■ Work request ■
Up to and including the line with "Чехол на Xiaomi", please set down the entries below exactly, starting from the first line.

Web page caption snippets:
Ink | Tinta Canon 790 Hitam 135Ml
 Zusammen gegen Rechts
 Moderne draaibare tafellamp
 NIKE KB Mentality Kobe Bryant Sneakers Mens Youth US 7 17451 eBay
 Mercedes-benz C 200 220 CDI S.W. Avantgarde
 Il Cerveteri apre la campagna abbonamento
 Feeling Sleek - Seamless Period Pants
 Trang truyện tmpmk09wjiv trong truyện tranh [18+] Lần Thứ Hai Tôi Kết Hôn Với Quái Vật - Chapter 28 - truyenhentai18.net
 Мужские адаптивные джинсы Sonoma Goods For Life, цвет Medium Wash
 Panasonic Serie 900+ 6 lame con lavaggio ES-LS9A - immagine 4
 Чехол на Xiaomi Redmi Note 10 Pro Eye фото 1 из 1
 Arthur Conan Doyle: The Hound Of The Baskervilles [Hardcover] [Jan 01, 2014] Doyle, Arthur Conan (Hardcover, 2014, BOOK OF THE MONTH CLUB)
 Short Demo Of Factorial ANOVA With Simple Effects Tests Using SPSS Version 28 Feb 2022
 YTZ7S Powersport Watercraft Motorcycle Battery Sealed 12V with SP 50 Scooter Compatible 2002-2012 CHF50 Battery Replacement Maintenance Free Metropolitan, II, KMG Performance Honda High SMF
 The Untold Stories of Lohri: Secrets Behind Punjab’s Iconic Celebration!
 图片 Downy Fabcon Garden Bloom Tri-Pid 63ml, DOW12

■ Response ■
Ink | Tinta Canon 790 Hitam 135Ml
 Zusammen gegen Rechts
 Moderne draaibare tafellamp
 NIKE KB Mentality Kobe Bryant Sneakers Mens Youth US 7 17451 eBay
 Mercedes-benz C 200 220 CDI S.W. Avantgarde
 Il Cerveteri apre la campagna abbonamento
 Feeling Sleek - Seamless Period Pants
 Trang truyện tmpmk09wjiv trong truyện tranh [18+] Lần Thứ Hai Tôi Kết Hôn Với Quái Vật - Chapter 28 - truyenhentai18.net
 Мужские адаптивные джинсы Sonoma Goods For Life, цвет Medium Wash
 Panasonic Serie 900+ 6 lame con lavaggio ES-LS9A - immagine 4
 Чехол на Xiaomi Redmi Note 10 Pro Eye фото 1 из 1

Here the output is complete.